Massive wildfires sweeping through Russia have spread to an area the size of annexed Crimea as regional authorities have been slow to declare emergencies and firefighting efforts have been scaled back.
Scientists have observed an “unprecedented” number of wildfires in Siberia and the Russian Arctic since June. Russian authorities have said a combination of lightning and human activity may have sparked the flames.
More than 2.7 million hectares of remote forest is currently burning across six Siberian and Far East regions, according to Russia’s Federal Forestry Agency, an area roughly equal to the size of Crimea.

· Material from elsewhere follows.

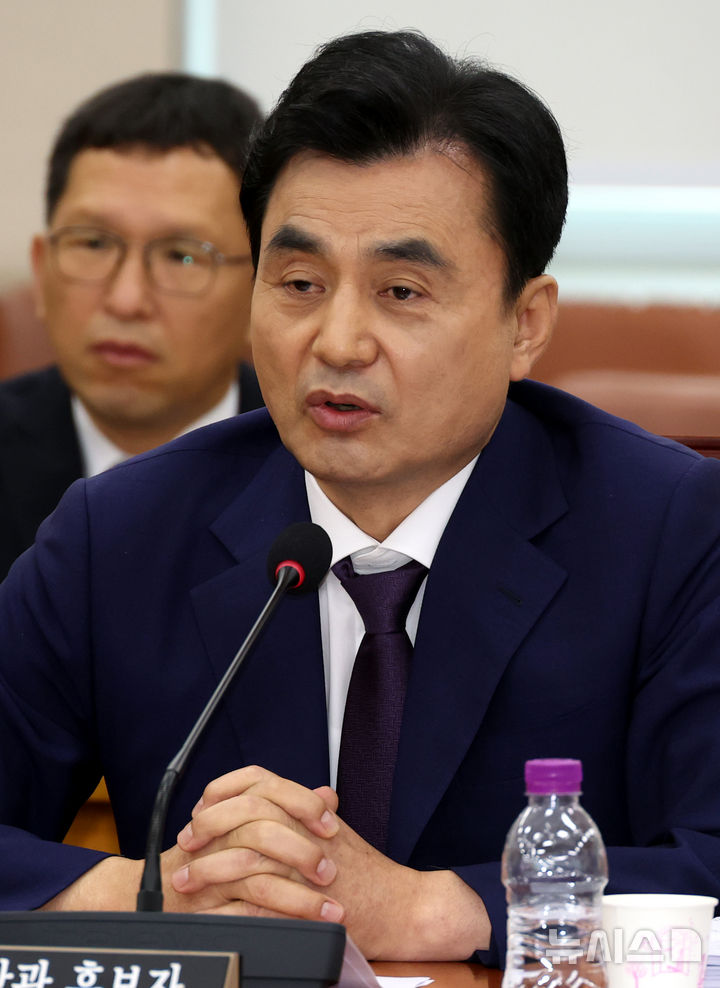 [서울=뉴시스] 조성봉 기자 = 안규백 국방부 장관 후보자가 15일 서울 여의도 국회 국방위원회에서 열린 인사청문회에서 의원들의 질의에 답변하고 있다. 2025.07.15. suncho21@newsis.com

Regional emergency authorities have opted against extinguishing the more than 300 forest fires that are engulfing hard-to-reach areas, saying inhabited areas are “not under threat” and “projected extinguishing costs exceed their projected harm.”
Only the Krasnoyarsk and Irkutsk regions have declared states of emergency while Russia’s republics of Buryatia and Sakha have kept the emergencies within single municipal districts, the forestry agency said.
It’s “pointless and at times even harmful” to try to extinguish the flames, Krasnoyarsk region governor Alexander Uss was quoted as saying by the Vedomosti business daily. Speaking at a youth forum on Sunday, Uss compared the wildfires to a summertime equivalent of winter blizzards.
Greenpeace Russia estimated the wildfires’ coverage at more than 3 million hectares, “an area that increases by hundreds of thousands of hectares every day.”
More than 11 million hectares have been affected this wildfire season, Greenpeace Russia said in a statement Friday, calling on the authorities to step up firefighting efforts in the affected areas.
Smog has reached major cities in the wider region, leading to a rise in complaints about air pollution and images showing residents wearing smoke masks on social media. President Vladimir Putin’s envoy in Siberia has said that there is no need to declare an emergency unless allowable limits of carbon monoxide concentration were exceeded.